Pour remplir leur mission et mieux analyser les réalités régionales, elles auront besoin d’études, de schémas d’élaboration s’appuyant sur une documentation statistique, une réflexion économique et une concertation entre les partenaires socio-professionnels et les différentes collectivités publiques concernées.

Le Plan lui-même change de nature. Il devient économique, social et culturel. Les mentalités sont appelées à évoluer : pour pouvoir mieux mobiliser les énergies de toute la nation, le plan doit être beaucoup plus ancré dans les réalités et les spécificités régionales.

Sans mésestimer les acquis des trente dernières années et sans ignorer les propositions du P.P.E. n°9, le Conseil économique et social juge néanmoins que des adaptations doivent intervenir tant sur le plan des hommes que des structures et des moyens. La réalisation des plans régionaux requiert un savoir-faire qui est à créer et des moyens humains, administratifs et financiers adaptés aux nouvelles conditions d’intervention de l’échelon régional.
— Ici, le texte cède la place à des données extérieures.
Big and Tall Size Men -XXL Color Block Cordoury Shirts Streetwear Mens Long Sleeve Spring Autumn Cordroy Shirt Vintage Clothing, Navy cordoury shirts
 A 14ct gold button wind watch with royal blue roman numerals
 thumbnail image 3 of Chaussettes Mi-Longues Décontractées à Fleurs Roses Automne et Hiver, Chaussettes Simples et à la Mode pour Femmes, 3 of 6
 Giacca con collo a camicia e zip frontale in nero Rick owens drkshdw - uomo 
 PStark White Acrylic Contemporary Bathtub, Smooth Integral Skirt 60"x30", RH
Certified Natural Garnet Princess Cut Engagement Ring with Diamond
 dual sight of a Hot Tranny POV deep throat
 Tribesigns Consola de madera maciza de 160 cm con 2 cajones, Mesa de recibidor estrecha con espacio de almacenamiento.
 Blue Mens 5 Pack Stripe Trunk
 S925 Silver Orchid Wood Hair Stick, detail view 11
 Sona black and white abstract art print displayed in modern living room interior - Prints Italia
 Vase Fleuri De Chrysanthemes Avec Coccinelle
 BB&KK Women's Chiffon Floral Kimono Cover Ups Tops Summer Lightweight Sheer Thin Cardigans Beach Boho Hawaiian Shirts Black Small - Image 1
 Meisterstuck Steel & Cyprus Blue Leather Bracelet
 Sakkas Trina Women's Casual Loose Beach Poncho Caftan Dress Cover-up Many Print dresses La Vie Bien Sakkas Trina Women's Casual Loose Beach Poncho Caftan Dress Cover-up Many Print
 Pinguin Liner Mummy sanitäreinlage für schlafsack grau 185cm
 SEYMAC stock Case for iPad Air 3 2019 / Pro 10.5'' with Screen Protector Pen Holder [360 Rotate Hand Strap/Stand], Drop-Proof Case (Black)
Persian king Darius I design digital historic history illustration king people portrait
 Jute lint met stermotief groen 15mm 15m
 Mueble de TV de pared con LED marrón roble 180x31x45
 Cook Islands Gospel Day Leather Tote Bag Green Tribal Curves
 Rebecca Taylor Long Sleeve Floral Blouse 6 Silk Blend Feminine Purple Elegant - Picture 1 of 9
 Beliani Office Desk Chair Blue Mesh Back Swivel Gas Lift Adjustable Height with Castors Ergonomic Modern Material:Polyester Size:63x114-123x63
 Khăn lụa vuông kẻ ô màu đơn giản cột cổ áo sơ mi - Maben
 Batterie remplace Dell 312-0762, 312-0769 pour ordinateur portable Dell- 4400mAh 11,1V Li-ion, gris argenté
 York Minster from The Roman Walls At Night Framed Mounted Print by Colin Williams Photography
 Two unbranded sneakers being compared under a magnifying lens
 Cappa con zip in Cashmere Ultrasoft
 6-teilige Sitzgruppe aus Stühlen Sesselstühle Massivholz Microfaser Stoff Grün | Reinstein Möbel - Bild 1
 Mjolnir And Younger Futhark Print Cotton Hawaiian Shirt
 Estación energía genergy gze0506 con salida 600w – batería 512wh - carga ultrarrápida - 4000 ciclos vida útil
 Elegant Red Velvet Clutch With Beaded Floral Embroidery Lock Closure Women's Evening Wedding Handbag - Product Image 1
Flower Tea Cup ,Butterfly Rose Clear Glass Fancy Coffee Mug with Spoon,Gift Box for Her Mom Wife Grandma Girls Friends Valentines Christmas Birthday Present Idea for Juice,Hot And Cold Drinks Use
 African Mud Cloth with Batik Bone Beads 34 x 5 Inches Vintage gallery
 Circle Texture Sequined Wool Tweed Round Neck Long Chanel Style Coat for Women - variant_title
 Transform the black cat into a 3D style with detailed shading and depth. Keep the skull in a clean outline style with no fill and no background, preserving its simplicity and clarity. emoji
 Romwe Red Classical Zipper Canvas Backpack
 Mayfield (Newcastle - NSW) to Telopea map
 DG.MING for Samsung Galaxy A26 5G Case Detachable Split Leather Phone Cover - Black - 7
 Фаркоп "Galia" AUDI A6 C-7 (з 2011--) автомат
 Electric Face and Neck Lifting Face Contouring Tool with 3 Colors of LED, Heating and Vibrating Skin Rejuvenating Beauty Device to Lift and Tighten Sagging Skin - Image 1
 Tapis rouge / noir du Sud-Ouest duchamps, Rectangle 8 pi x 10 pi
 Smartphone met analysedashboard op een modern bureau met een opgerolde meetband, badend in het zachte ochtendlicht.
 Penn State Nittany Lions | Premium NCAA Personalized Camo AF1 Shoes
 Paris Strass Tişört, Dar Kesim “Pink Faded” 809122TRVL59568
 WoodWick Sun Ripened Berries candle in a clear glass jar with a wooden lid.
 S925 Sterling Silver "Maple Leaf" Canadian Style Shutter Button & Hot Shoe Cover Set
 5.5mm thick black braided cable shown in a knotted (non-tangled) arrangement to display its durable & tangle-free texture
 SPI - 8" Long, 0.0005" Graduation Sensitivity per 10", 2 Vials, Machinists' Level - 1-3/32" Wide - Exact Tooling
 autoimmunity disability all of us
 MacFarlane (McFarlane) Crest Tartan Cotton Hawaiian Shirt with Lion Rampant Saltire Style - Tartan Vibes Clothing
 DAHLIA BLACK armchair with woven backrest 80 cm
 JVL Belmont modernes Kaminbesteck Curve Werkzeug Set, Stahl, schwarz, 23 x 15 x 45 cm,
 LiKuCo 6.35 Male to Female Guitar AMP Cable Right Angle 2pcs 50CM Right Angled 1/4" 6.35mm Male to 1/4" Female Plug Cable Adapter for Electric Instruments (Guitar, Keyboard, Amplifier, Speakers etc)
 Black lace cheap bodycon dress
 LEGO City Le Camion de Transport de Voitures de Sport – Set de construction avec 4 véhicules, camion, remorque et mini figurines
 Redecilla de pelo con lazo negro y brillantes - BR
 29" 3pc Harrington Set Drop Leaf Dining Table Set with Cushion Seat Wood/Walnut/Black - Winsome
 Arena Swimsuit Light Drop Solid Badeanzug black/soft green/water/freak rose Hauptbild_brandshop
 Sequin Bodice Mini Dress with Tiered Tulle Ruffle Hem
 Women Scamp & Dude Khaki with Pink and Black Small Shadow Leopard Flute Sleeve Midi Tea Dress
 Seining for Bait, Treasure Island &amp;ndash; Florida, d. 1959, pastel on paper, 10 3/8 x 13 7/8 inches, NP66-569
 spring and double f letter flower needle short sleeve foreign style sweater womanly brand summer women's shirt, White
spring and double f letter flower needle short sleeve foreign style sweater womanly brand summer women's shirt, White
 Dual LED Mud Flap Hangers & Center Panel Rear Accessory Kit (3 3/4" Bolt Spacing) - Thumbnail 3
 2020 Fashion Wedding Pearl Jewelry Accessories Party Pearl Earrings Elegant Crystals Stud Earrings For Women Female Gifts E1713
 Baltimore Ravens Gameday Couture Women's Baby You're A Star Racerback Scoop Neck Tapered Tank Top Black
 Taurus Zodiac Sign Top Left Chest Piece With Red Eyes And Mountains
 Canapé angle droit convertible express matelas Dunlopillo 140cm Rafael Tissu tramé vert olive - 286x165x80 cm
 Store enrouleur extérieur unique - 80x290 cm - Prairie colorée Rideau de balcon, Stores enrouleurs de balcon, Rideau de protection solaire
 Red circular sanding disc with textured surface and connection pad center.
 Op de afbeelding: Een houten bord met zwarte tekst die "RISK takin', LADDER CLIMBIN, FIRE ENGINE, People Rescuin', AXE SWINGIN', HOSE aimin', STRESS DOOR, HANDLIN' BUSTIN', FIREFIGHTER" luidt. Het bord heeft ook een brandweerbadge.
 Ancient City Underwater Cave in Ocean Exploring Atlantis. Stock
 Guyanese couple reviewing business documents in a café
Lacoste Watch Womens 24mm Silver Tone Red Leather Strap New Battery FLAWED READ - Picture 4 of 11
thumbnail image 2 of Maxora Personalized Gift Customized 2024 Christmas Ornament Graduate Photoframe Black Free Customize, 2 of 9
Compte tenu de ces considérations, le Conseil économique et social émet l’avis suivant :

 

 AVIS DU CONSEIL ECONOMIQUE ET SOCIAL

 

Chaque région présente ses spécificités qui se retrouvent non seulement dans la géographie et l’économie, mais aussi dans les comportements, les méthodes de travail et la disparité des moyens.
    La décentralisation a pour corollaire la reconnaissance de la diversité régionale.
    Aussi le Conseil économique et social n’entend-il pas préconiser un modèle valable en tous lieux. Ses recommandations constituent simplement un éventail de propositions qui pourront être utilisées et adaptées selon les circonstances.

 

I – LES ADAPTATIONS CONCERNANT LES ELEMENTS

a/ – Le cadre de la planification décentralisée
Tout découpage territorial a ses avantages et ses inconvénients. Les limites administratives de la région ne coïncident pas nécessairement avec les besoins de la vie économique. La loi du 2 mars 1982 ne remet pas en cause le découpage adopté en 1956.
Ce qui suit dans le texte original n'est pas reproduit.